Хотя на самом деле изменение в литературе уже произошло. Расколотый «стиль 1990-х» заметен в русской прозе: куда же нам деть «подворотню» П. Паламарчука и смерть «ненужного героя» В. Посошкова, крайний нигилизм «Ночной охоты» Ю. Козлова и занудное нытье героя «Невольных каменщиков» М. Попова, страшные «нарывы» рассказов В. Дегтева и совсем нереальную игровую реальность В. Отрошенко. Куда «определить» исторический роман А. Сегеня и детектив о мафии А. Трапезникова, с их явной ставкой на увлекательное, остросюжетное чтение? Не разрушаем ли и мы свою же культуру, «пропуская» в ней вопросы, которые нас действительно волнуют? Не мы, а наши оппоненты констатировали, что «страна не прочитала» А. И. Солженицына. И это правда. И требовался ответ — почему не прочитала?

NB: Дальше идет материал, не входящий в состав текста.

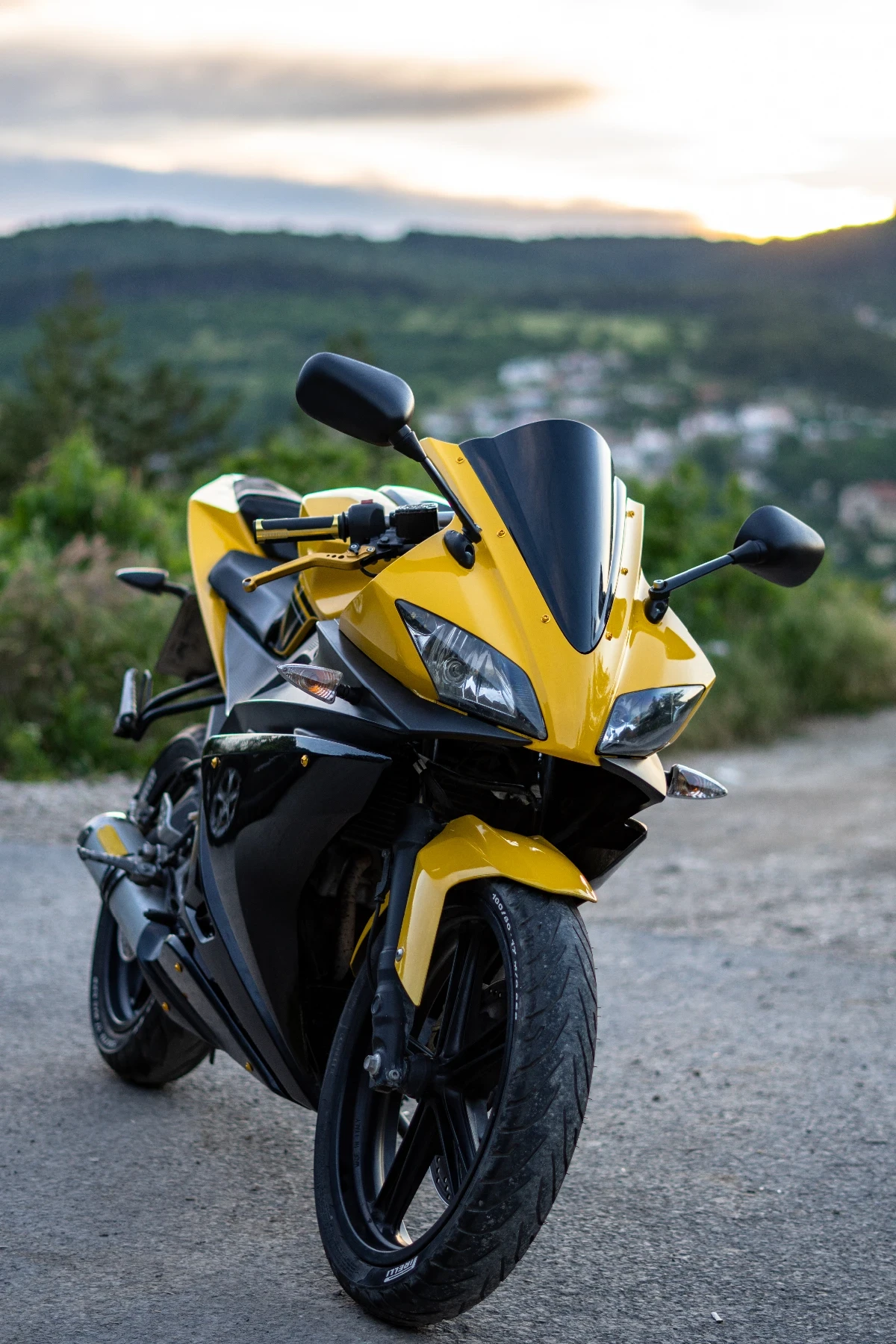 Yamaha Yzf R125, снимка 2 - Мотоциклети и мототехника - 54857366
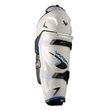 BAUER Vapor FLYLITE Senior Beinschoner – Vorderansicht Vorderansicht des BAUER Vapor FLYLITE Senior Beinschoners in Weiß und Blau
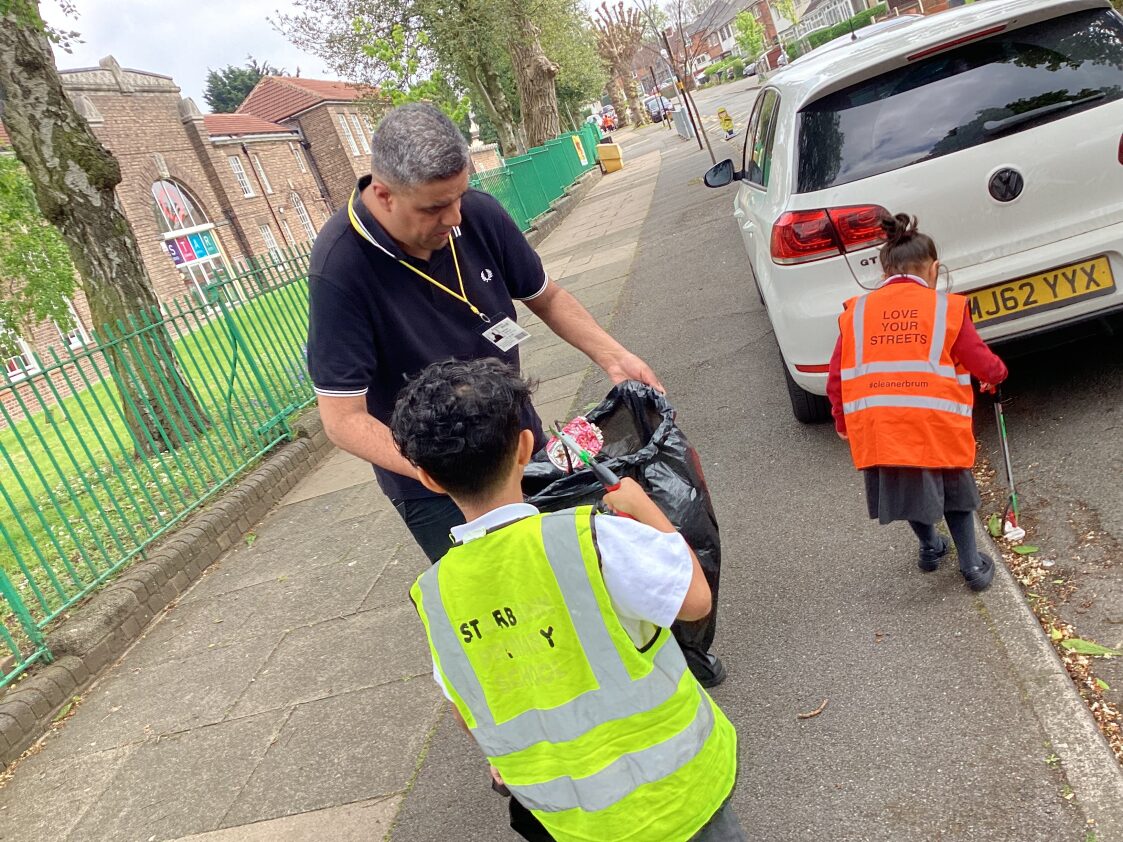 Thank you to Barber Baz, our local councillor, for joining the children of Starbank Primary with their litter picking and sharing how they have improved the local environment. #WeAreStar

В культуре обязательна диалогическая ситуация — сегодня она утрачена всеми, в том числе и нашими оппонентами. Необходима свободная встреча «европы» и «азии». Необходимо признать, что воля к культуре парализована — культурный слой еще пишет и в парализованном состоянии, но другие (новые и старые) слои преимущественно испытывают тягу к примитивности. Мы призываем друг друга писать о хорошем, мы не хотим грязи в литературе, не хотим читать об ужасном и тяжелом. И эту нравственную установку можно понять. Только что же делать, если вся современная литература погружена в злую реальность и разница, по преимуществу, состоит в степени самоконтроля писателя? Кажется, что только в пространстве истории остались положительные смыслы литературы, восприятие которых не искажено сиюминутными человеческими бедами. Когда я вижу ребенка, просящего милостыню с плакатиком на груди «Хочу есть», — то, как и многие другие, перестаю понимать, зачем я занимаюсь литературой…

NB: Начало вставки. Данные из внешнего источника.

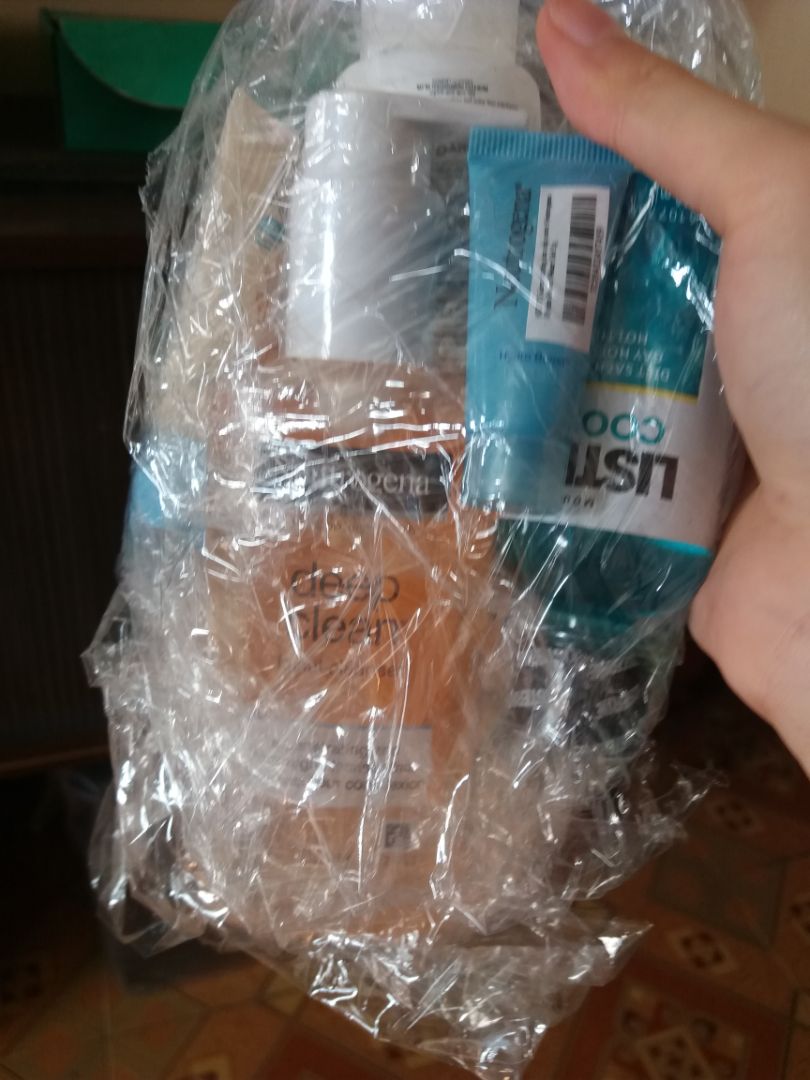 lần đầu mua hàng trên tiki và rất hài lòng vì tiki giao một lần luôn nên không cần lấy nhiều lần. chai này được giới thiệu rất tốt. nhìn hsd còn lâu. 4 năm nữa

Связи культуры с внешним миром полностью изменились. Замечательная социокультурная ситуация советского времени полностью исчезла — культура больше не может ни воспитывать, ни спасать, ни быть школой нравственности, ни являться трибуной или кафедрой. Сердце человека (читателя) больше не является «местом встречи» общественного устремления (просвещать и вносить идеалы культуры) и писательской установки (быть прочитанным, понятым и, в результате, «оставить след в душе»). Культура как гуманное ядро человеческой жизни и имеющая гуманистические цели, кажется, больше невозможна. Мы все еще спорим о «направлениях», обсуждаем особенности литературного языка и с пристрастием вглядываемся в «мир идей» того или иного писателя. Мы ищем новых ценностных ориентиров или «вживаемся в традицию», а земля наша становится кладбищем радиоактивных отходов. Мы уже разделенная земля. Изощренное рабство — вот реальность нового тысячелетия. Тридцать миллионов русских, предусмотренных проектом «золотого миллиарда» вряд ли родят русского гения, в лучшем случае нам будет разрешено экзотическое этнографическое существование.